Stockholm Top-Rated Tourist Attractions

20 Best Places & Things to Do

The capital of Sweden

Stockholm, the capital of Sweden, is a sprawling Baltic Sea archipelago encompassing 14 islands and over 50 bridges. The cobbled streets and ochre-colored buildings of Gamla Stan (Old Town) include the 13th-century Storkirkan Cathedral, Kungliga Slottet Royal Palace, and the Nobel Museum, which houses the Nobel Prize. Ferries and sightseeing boats transport passengers between the islands.

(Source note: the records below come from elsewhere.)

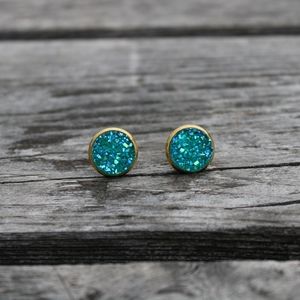Gold Mermaid Teal Druzy Geode stud earrings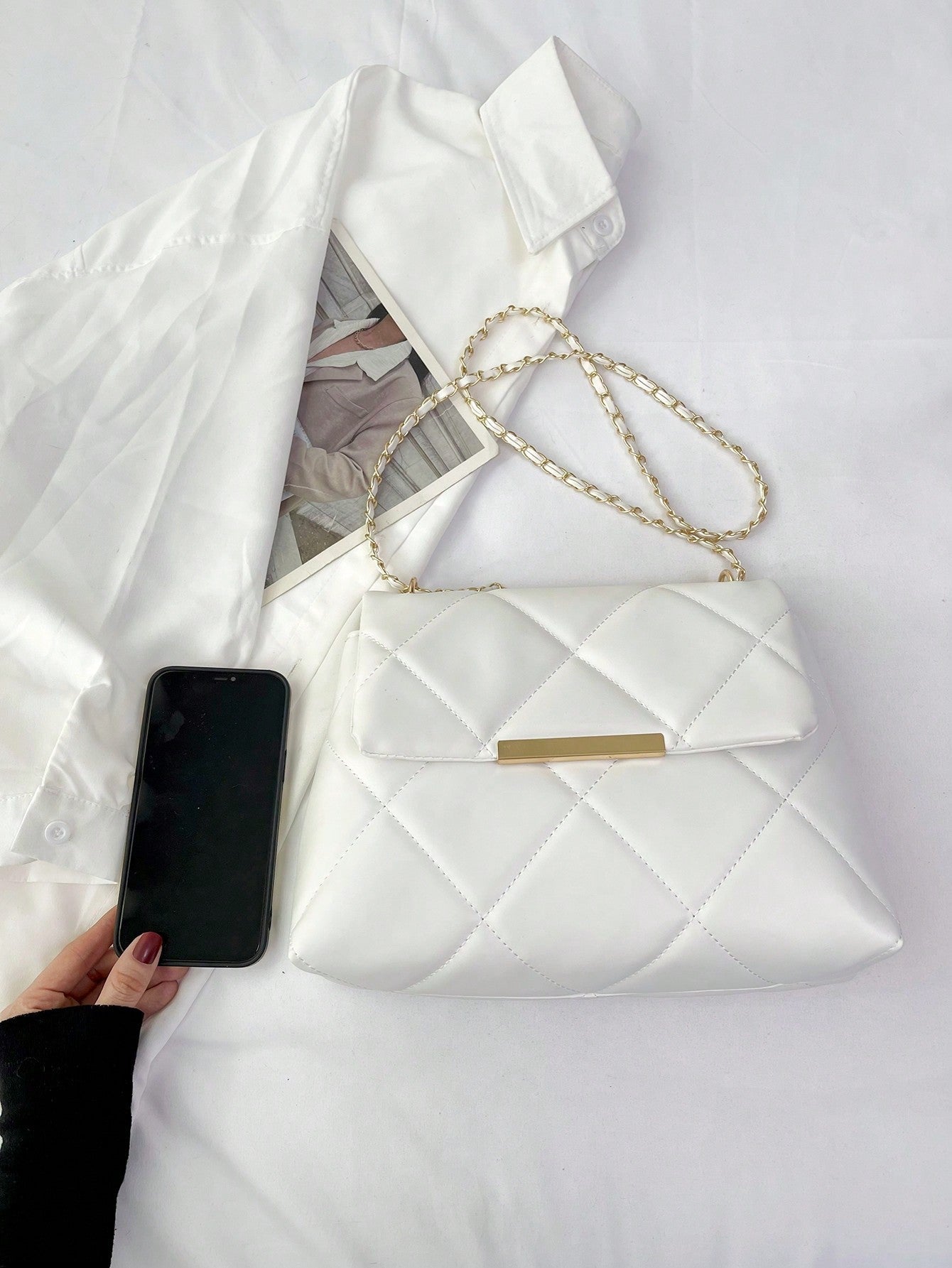 Shein - Quilted Pattern Flap Square Bag Metal Decor Chain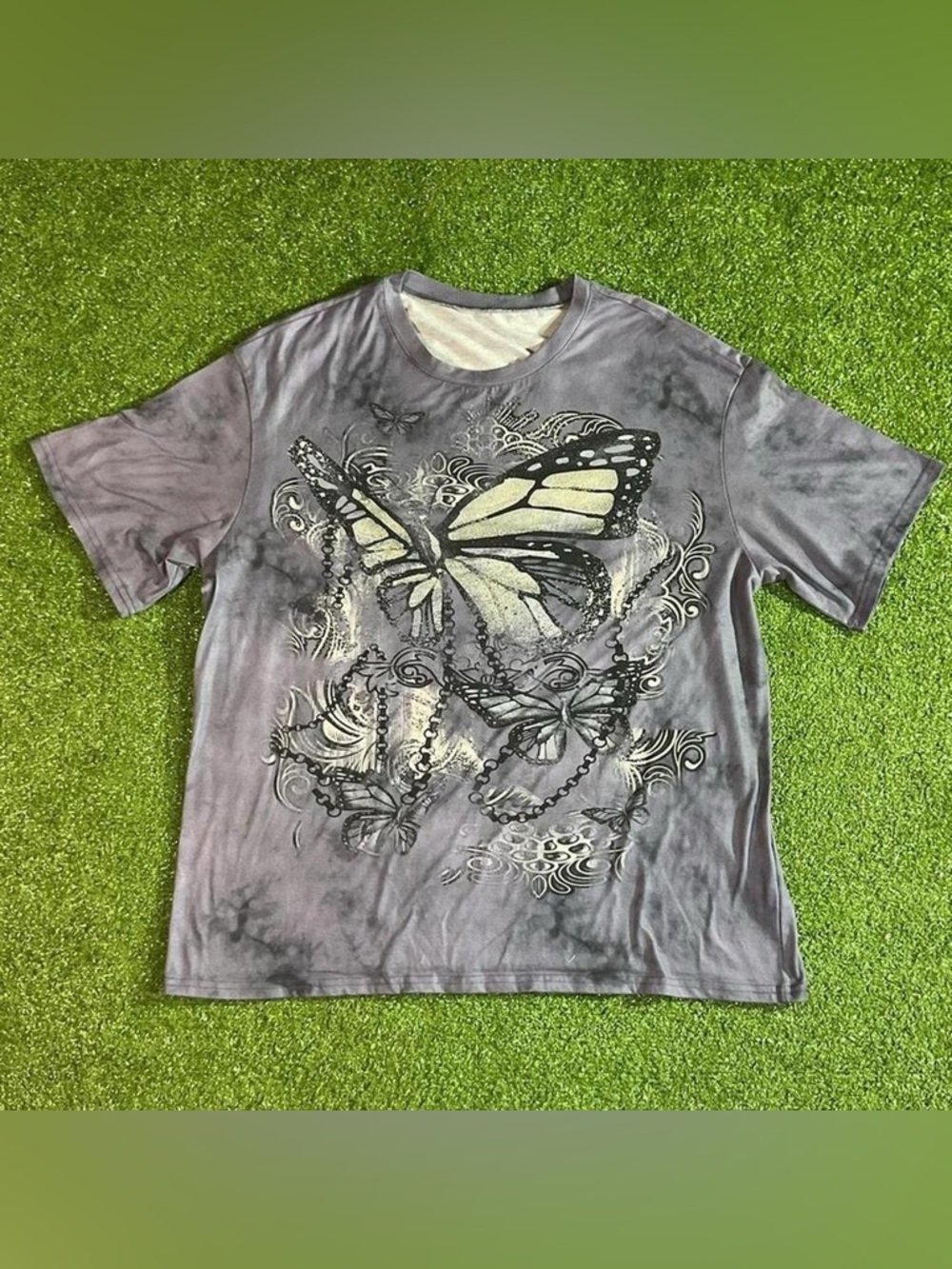 Gothic Butterflies Faded Purple Graphic Tee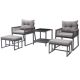 Costway Black 5-Piece Wicker Patio Conversation Set with Gray Cushions HCST03273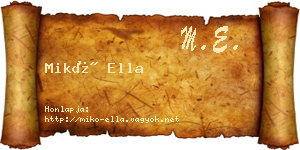 Mikó Ella névjegykártya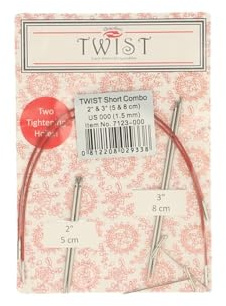 ChiaoGoo TWIST Lace Nadelspitzen-Set 5 cm & 8 cm, 1,50 mm, Silber/Rot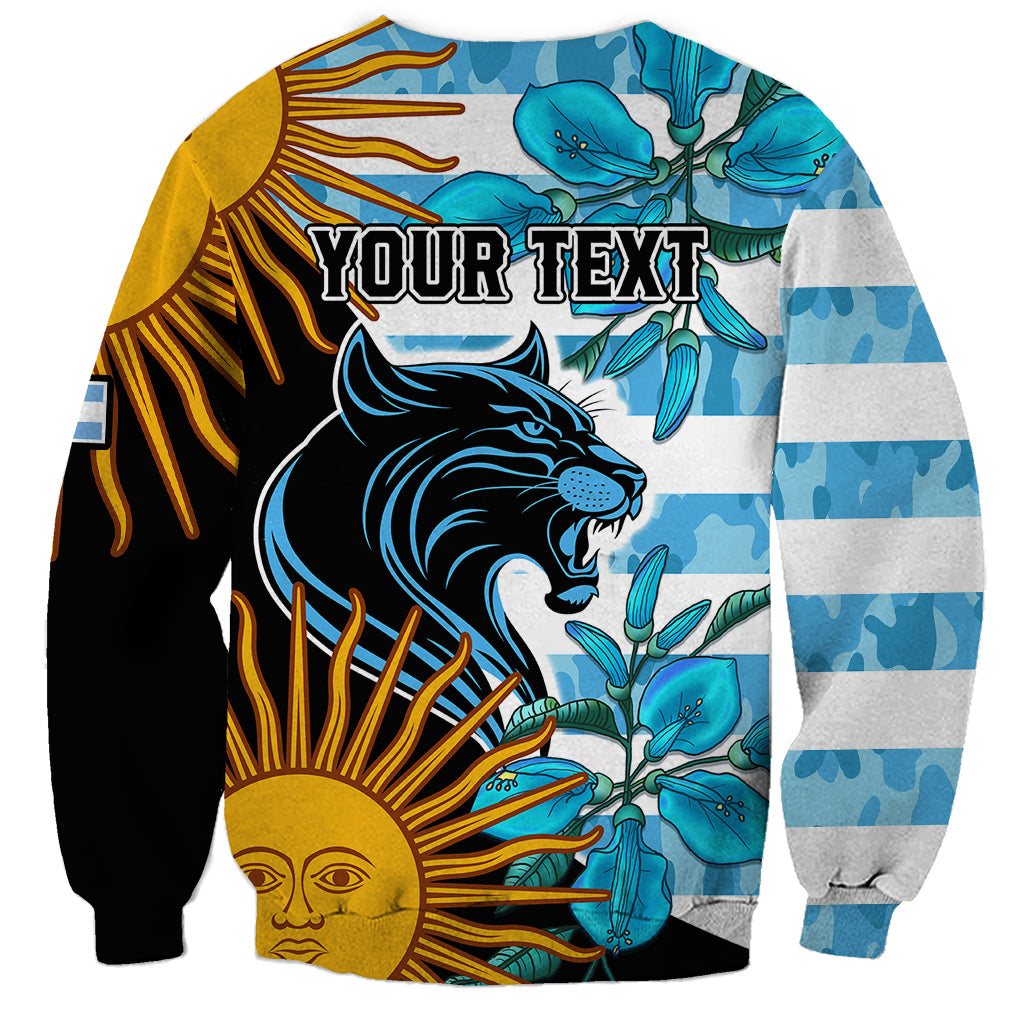 Personalised Argentina Sweatshirt Los Pumas and Sol de Mayo Ceibo Flowers - Wonder Print Shop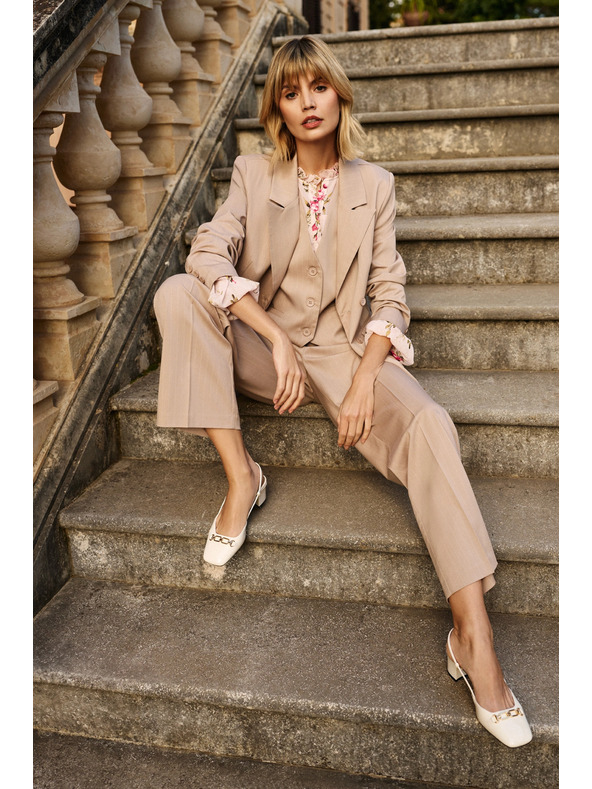 Moodo Bež ženske svečane hlače Moodo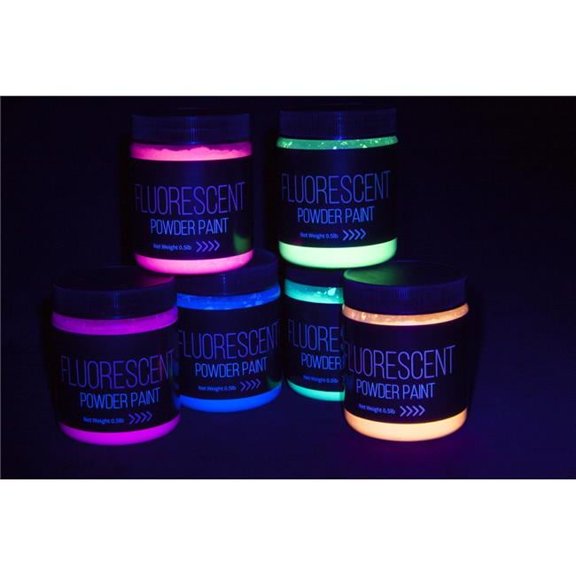 Jack Richeson  Fluorescent Powdered Tempera Paint, Assorted Colors - Set of 6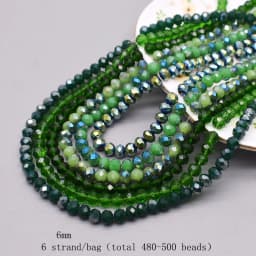 6mm Glass Beads Plating Color 6 Strands/bag 480pcs Rondelle Faceted Glass Beads Loose Spacer Beads For Jewelry Making DIY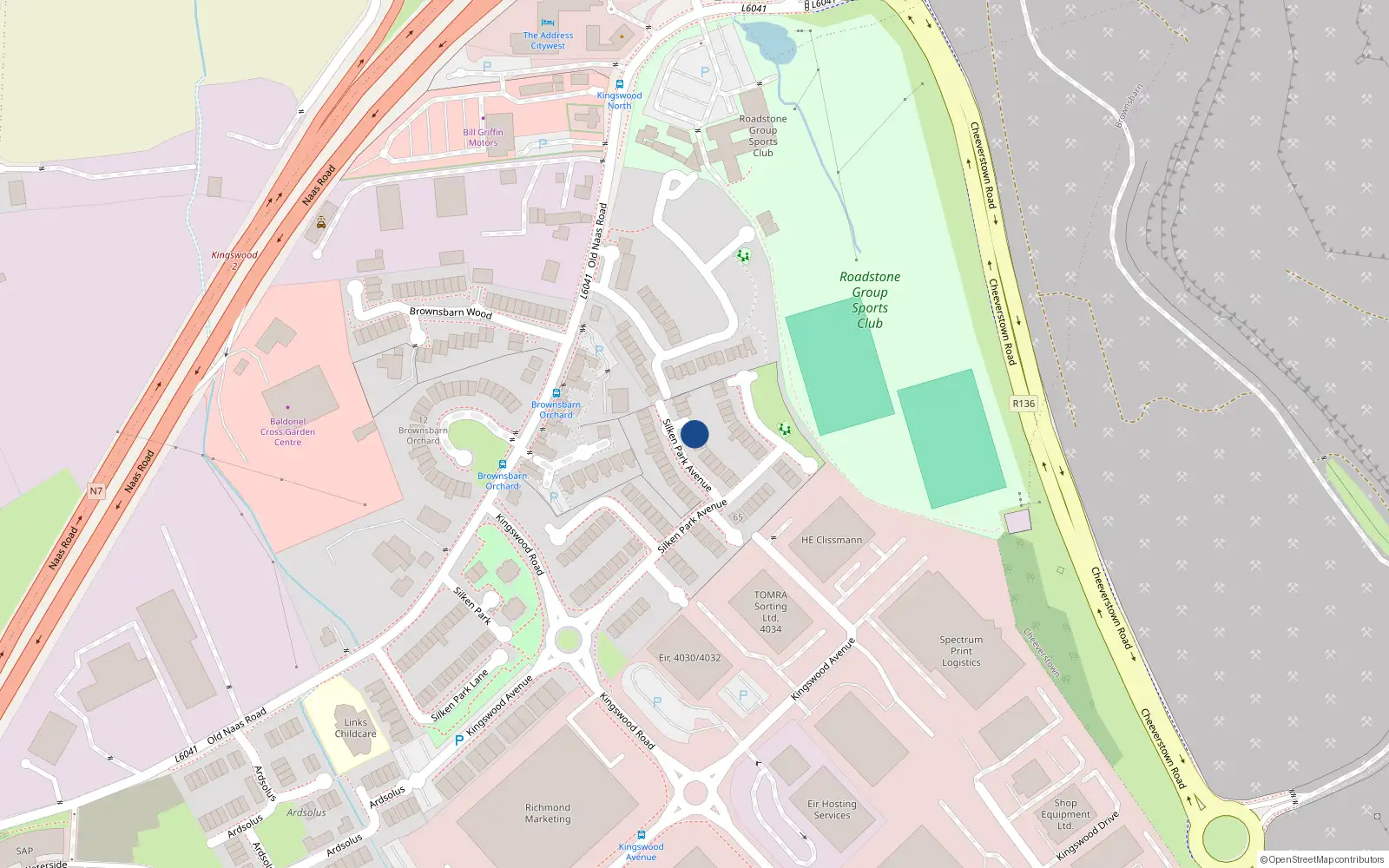 Overhead map showing the location of 56 Ascaill Pairc an Tsioda, Old Naas Road, Kingswood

Known as the "Venice of the North" for its many waterways and lakes, Sweden's capital city, Stockholm, is located on several islands and peninsulas at the outflow of the Baltic's Mala Lake, which forms a deep inlet here.

The charm of its setting lies in the meeting of land and water: reefs and rocky islands dotted along the coast, dramatic crags rising from the sea, the intricate pattern of waterways that surround the city.

World-class museums, theaters, galleries and gorgeous parkland await, and travelers will find no end of things to do in this beautiful city.

The excellent underground rail system, Tunnelbana (T-bana), takes you almost anywhere in the city. A highly efficient and regular bus network bridges any gaps between destinations Alternatively, take time to walk instead, as Stockholm is a great city to explore on foot. The city also has an efficient network of cycle lanes.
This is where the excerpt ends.